Я не ответила; я не могла сказать ему о своем внутреннем напряжении, о том, как что-то сжималось у меня в животе от прикосновения его руки… Я не понимала, что именно было тому причиной — сексуальное желание или страх? Страх — это слово казалось совсем неприменимо к Синклеру, но теперь в подсознании у меня всплыл разговор, который я услышала ночью, и мои мысли снова устремились в это русло и закрутились, как собака над старой и безвкусной костью. Я сказала себе, что мне непременно следовало поговорить с бабушкой сегодня утром, прежде чем уезжать. Одного взгляда на ее лицо мне было бы достаточно, чтобы понять истинное положение дел. Но бабушка так и не спустилась в гостиную до нашего отъезда, а раз она спала, то я не хотела ее будить.
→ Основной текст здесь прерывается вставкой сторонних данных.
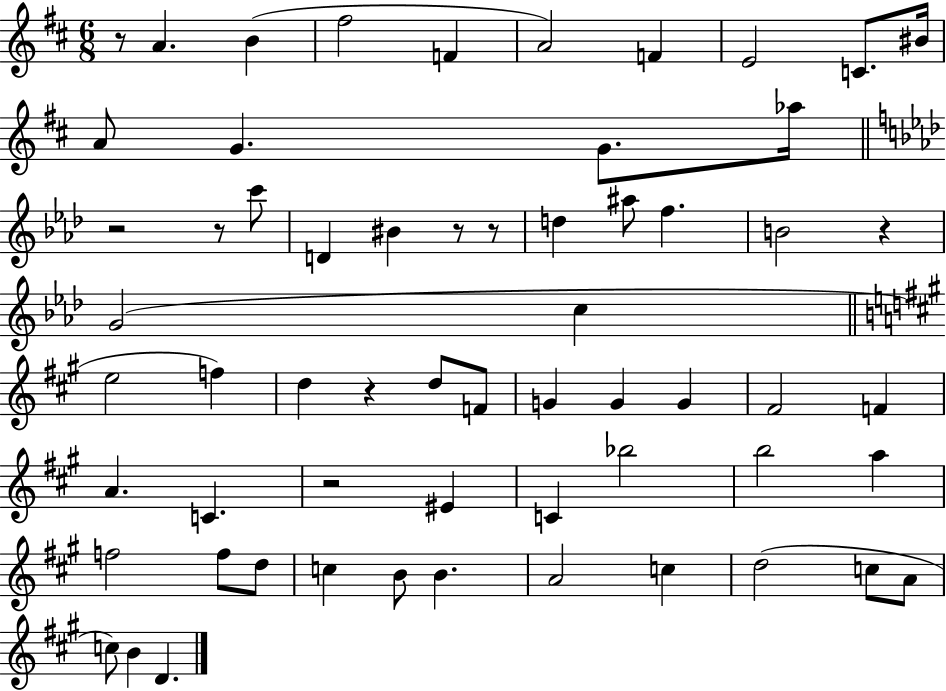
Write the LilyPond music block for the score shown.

{
  \clef treble
  \numericTimeSignature
  \time 6/8
  \key d \major
  r8 a'4. b'4( | fis''2 f'4 | a'2) f'4 | e'2 c'8. bis'16 | \break a'8 g'4. g'8. aes''16 | \bar "||" \break \key aes \major r2 r8 c'''8 | d'4 bis'4 r8 r8 | d''4 ais''8 f''4. | b'2 r4 | \break g'2( c''4 | \bar "||" \break \key a \major e''2 f''4) | d''4 r4 d''8 f'8 | g'4 g'4 g'4 | fis'2 f'4 | \break a'4. c'4. | r2 eis'4 | c'4 bes''2 | b''2 a''4 | \break f''2 f''8 d''8 | c''4 b'8 b'4. | a'2 c''4 | d''2( c''8 a'8 | \break c''8) b'4 d'4. | \bar "|."
}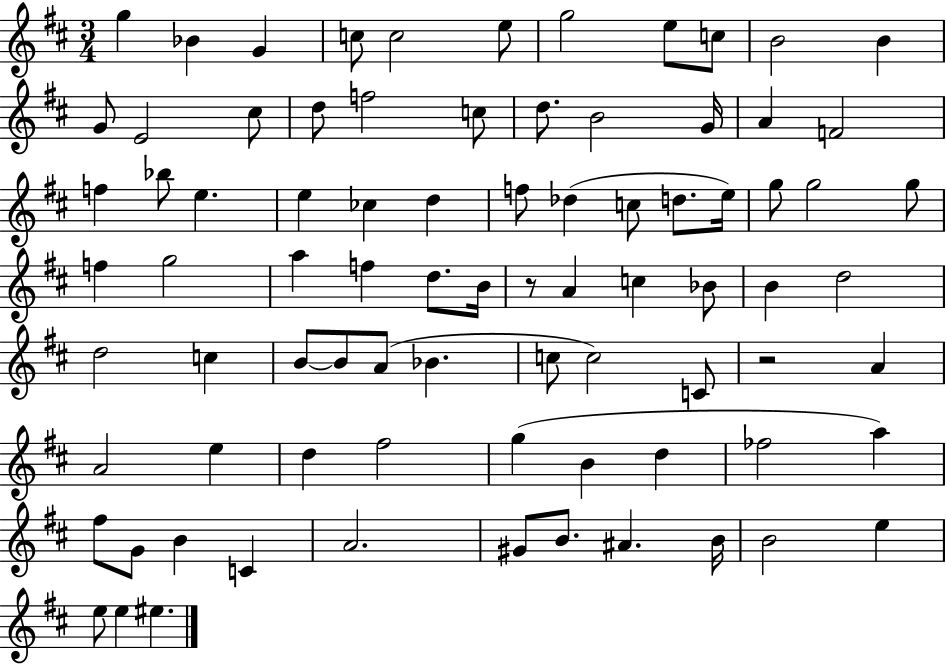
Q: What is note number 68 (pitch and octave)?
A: G4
Я нервно вздрогнула, и Синклер спросил:

— В чем дело? Ты как натянутая струна. Тебя, должно быть, что-то мучает. Какое-то тайное переживание или, может, чувство вины?

— Из-за чего же мне чувствовать себя виноватой?

— Это ты мне расскажи. Вероятно, из-за того, что ты бросила папочку?

— Отца? Ты шутишь.

— Хочешь сказать, что ты была счастлива, когда наконец стряхнула с пяток калифорнийскую пыль?

— Вовсе нет. Но отец в настоящий момент ни в чем не нуждается, поэтому мне не из-за чего испытывать чувство вины.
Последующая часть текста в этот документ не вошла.